La medesima vicenda fiscale può essere oggetto, contestualmente, di un procedimento penale e di un procedimento amministrativo, ossia di un accertamento di imposta, destinato a sfociare in processo tributario.
Al netto del principio di specialità, per cui le sanzioni amministrative comunque irrogate non possono essere riscosse in pendenza del processo penale (art. 21 d.lgs n. 74/2000), vi è da considerare il rapporto tra il procedimento per l’accertamento delle imposte e quello penale, di accertamento dei reati. La fattispecie concreta, che rileva ai fini di entrambi i procedimenti, è essenzialmente la medesima: l’evasione di imposta.
Ebbene, la regola che informa i rapporti tra processo penale e procedimento e processo tributario è quella del doppio binario, per cui i due procedimenti/processi debbono procedere separatamente ed in autonomia, senza che si possa invocare alcuna pregiudizialità per sospendere l’uno o l’altro (art. 20, d.lgs n. 74/2000).
L’autonomia dei procedimenti, determina la reciproca irrilevanza dei relativi esiti nonché degli elementi fattuali e delle prove acquisite in ciascun contesto. Con la conseguenza, di risultati anche antitetici, come ad esempio la piena assoluzione in sede penale a fronte del riconoscimento della debenza totale del debito di imposta (quindi dell’evasione).
Prima della riforma introdotta dal D.Lgs. 87/2024, il sistema sanzionatorio penal-tributario, regolato dal D.Lgs. 74/2000, si fondava sul principio della piena e reciproca autonomia tra i due sistemi (penale e tributario) con l’esclusione di qualsiasi rapporto di pregiudizialità.
Ciò ha implicato talune volte che, pur vertendo su fatti comuni, i provvedimenti conclusivi dei due procedimenti fossero tra loro contraddittori, stabilendo, da un lato, la responsabilità penale per il reato tributario e, dall’altro lato, l ’annullamento della pretesa erariale, o viceversa.

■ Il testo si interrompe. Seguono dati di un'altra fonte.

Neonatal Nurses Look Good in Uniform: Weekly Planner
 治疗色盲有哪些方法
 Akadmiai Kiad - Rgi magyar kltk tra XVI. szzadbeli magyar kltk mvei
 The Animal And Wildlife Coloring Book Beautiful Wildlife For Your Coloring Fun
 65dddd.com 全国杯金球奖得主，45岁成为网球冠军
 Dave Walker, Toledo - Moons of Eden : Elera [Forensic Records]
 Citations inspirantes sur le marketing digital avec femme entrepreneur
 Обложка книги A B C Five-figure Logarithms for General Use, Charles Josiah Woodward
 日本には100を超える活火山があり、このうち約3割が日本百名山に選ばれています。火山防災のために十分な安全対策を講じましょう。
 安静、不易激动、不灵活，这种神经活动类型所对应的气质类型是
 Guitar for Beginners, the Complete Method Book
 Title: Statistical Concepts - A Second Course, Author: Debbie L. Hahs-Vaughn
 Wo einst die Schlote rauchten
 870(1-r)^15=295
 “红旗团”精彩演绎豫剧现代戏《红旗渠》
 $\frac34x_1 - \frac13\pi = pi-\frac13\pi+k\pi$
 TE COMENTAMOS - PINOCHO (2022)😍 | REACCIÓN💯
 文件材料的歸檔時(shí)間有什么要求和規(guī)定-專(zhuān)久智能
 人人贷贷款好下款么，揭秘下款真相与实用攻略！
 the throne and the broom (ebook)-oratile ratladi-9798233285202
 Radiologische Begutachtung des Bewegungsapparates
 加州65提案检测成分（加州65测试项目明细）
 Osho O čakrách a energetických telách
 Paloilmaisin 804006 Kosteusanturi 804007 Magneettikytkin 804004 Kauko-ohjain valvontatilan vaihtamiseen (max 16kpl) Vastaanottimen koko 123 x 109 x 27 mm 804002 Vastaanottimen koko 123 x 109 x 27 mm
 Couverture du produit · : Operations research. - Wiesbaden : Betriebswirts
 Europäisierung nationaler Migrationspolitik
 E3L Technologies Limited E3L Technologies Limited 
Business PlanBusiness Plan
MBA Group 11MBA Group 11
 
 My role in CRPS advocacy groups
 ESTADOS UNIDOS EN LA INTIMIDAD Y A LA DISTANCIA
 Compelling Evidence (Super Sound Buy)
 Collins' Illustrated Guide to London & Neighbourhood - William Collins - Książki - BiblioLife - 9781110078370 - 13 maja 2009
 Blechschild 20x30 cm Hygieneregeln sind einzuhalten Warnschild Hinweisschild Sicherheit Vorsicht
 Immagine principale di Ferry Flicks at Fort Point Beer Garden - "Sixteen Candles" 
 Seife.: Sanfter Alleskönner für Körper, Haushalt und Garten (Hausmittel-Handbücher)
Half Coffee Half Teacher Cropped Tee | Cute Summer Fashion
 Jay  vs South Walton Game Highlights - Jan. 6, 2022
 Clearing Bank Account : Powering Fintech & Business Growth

Pertanto, la disciplina in tema di efficacia delle sentenze penali nel processo tributario era da rinvenirsi nell’art. 654 c.p.p., ai sensi del quale la formazione del giudicato penale non era direttamente invocabile nel processo tributario, poggiando i due processi su un sistema probatorio sostanzialmente diverso. In ogni caso, gli accertamenti delle circostanze fattuali compiuti dal giudice penale assurgevano ad elemento di prova o indizio in ordine ai fatti accertati penalmente e come tali potevano e dovevano essere oggetto di autonoma valutazione, quali elementi probanti in sede processuale tributaria;
La Legge delega per la riforma fiscale (Legge 9 agosto 2023, n. 111 in vigore il 29 agosto 2023.) all’articolo 20, co. 1, lett. a), n. 3), ha delegato il Governo a: rivedere i rapporti tra il processo penale e il processo tributario.
L’art. 1, co. 1, lett. m), D.Lgs. 87/2024 (c.d. Decreto Sanzioni) ha introdotto nel D.Lgs n. 74/2000 il nuovo articolo 21-bis, rubricato “Efficacia delle sentenze penali nel processo tributario e nel processo di Cassazione”, con il quale ha previsto che la sentenza penale irrevocabile di assoluzione pronunciata in seguito a dibattimento assume nel processo tributario efficacia di giudicato, in ogni
stato e grado, quanto ai fatti medesimi.
In particolare, come chiarito in più occasioni dalla Corte di Cassazione, il nuovo art. 21-bis del D. Lgs. n. 74/2000, introdotto dal D.Lgs. n. 87/2024, si applica anche nei casi in cui la sentenza penale dibattimentale di assoluzione sia divenuta irrevocabile prima dell’entrata in vigore del citato D.Lgs. n. 87/2024 (ossia prima del 29 giugno 2024), purché, in tale data, sia ancora pendente il relativo giudizio tributario.
Infine, in evidente applicazione del principio di divieto di ne bis in idem, così come elaborato dalla giurisprudenza della Corte EDU, si è infine prescritto che quando, per lo stesso fatto è applicata, a carico del soggetto, una sanzione penale ovvero una sanzione amministrativa o una sanzione amministrativa dipendente da reato, il giudice o l’autorità amministrativa, al momento della determinazione delle sanzioni di propria competenza e al fine di ridurne la relativa misura, deve tenere conto di quelle già irrogate con provvedimento o con sentenza assunti in via definitiva. Ciò, onde evitare una moltiplicazioni delle sanzioni in concreto applicabili, in palese spregio sia dei principi di proporzionalità che del divieto del ne bis in idem.